### RECORDED INFORMATION ###
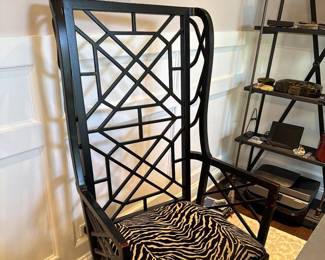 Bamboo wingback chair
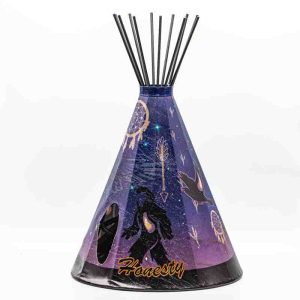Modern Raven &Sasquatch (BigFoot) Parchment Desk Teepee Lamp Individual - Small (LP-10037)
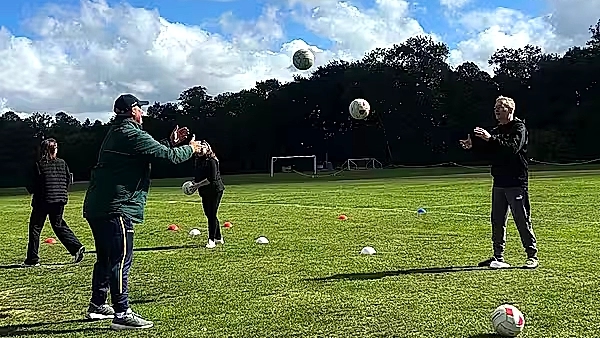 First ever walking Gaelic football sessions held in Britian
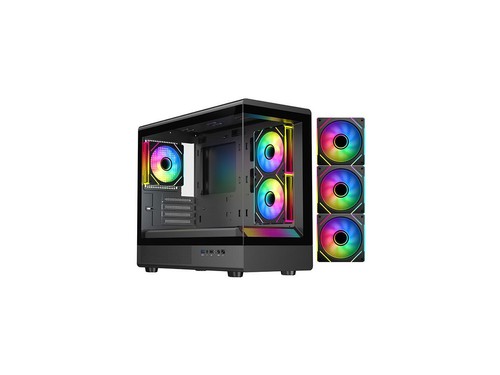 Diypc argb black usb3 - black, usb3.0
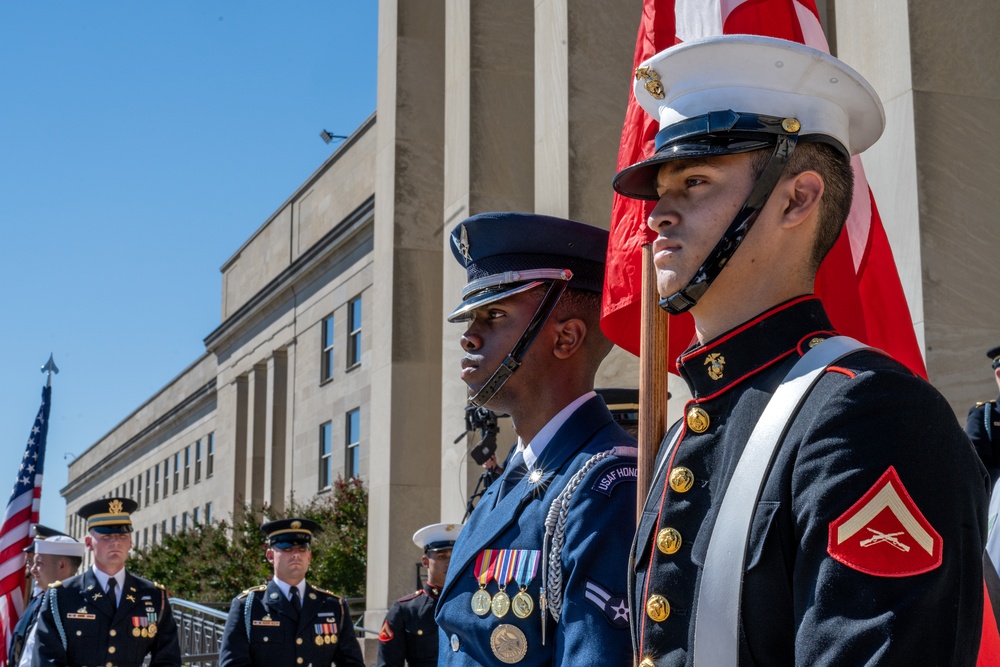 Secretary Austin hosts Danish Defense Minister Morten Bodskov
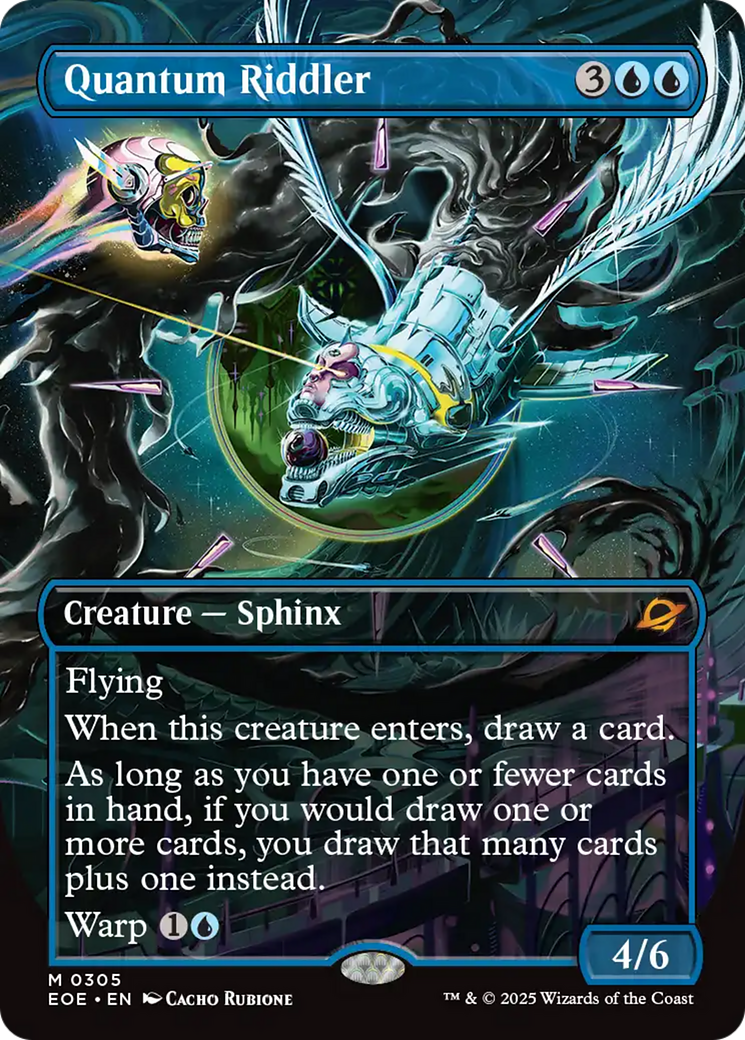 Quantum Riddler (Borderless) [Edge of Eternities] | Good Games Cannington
###
### ASSIGNMENT
Could you output every record above exactly as written, leaving out the pictures?

### WRITTEN RESPONSE
 Bamboo wingback chair
Modern Raven &Sasquatch (BigFoot) Parchment Desk Teepee Lamp Individual - Small (LP-10037)
 First ever walking Gaelic football sessions held in Britian
 Diypc argb black usb3 - black, usb3.0
 Secretary Austin hosts Danish Defense Minister Morten Bodskov
 Quantum Riddler (Borderless) [Edge of Eternities] | Good Games Cannington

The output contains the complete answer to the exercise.